WJNS-FM
- Bentonia, Mississippi; United States;
- Broadcast area: Jackson metropolitan area
- Frequency: 92.1 MHz
- Branding: SonLife Radio

Programming
- Format: Christian radio
- Affiliations: SonLife Radio Network

Ownership
- Owner: Family Worship Center Church, Inc.

History
- First air date: December 13, 1968

Technical information
- Licensing authority: FCC
- Facility ID: 72816
- Class: A
- ERP: 4,800 watts
- HAAT: 111.3 meters (365 ft)

Links
- Public license information: Public file; LMS;
- Webcast: Listen live
- Website: sonlifetv.com

= WJNS-FM =

Radio station in Bentonia–Jackson, Mississippi

WJNS-FM (92.1 MHz) is a Christian radio station licensed to Bentonia, Mississippi, and serving the Jackson metropolitan area. WJNS-FM is owned and operated by Family Worship Center Church, Inc.

==History==
The station began broadcasting on December 13, 1968, and was originally licensed to Yazoo City, Mississippi. The station was owned by Gateway Broadcasting, with State Representative Joel Netherland owning controlling interest. The station primarily aired country music through the 1980s.
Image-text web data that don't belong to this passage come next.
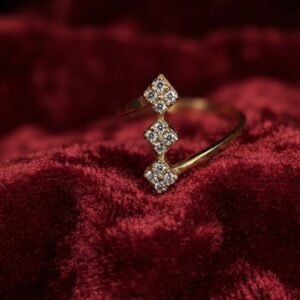 Nova Crystal Ring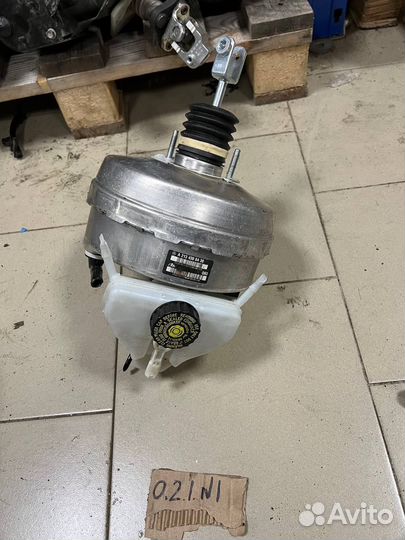 Вакуумный усилитель тормозов Mercedes-Benz E-Класс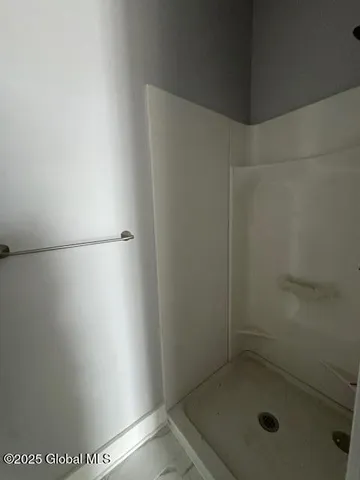 $1,300 | 152 Main Street, Unit 6, Hoosick Falls, NY 12090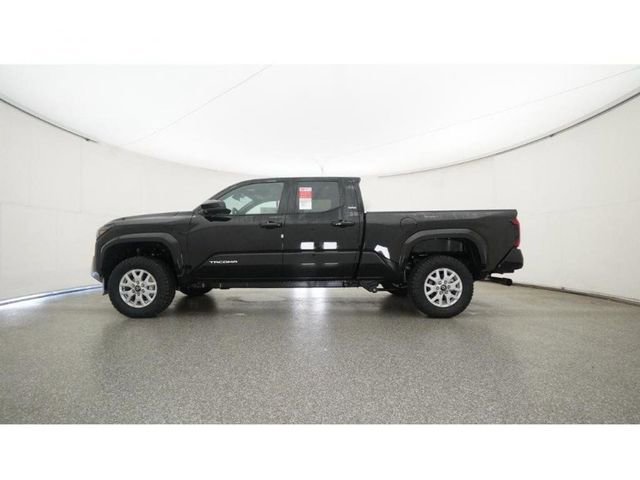 2025 Toyota Tacoma SR5 - Photo 19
In 1988, the station was sold to St. Pe' Broadcasting for $312,500. St. Pe' was owned by Edward and Debbie St. Pe'. By the early 1990s, the station had adopted a contemporary hits format. In early 1991, the station switched to an oldies format, but in the summer of that year it returned to a country music format. In 1992, the station adopted a Gospel music format.

In 1993, the station was sold to Bishop Levi E. Willis's Willis Broadcasting. In 2004, the station was sold to Jimmy Swaggart's Family Worship Center for $350,000.

In 2007, the station was granted a construction permit to move from Yazoo City to Bentonia. WJNS-FM's tower was destroyed by Hurricane Ike on September 13, 2008, and was off the air for several months afterwards. In spring 2009, the station returned to the air from its new facilities in Bentonia.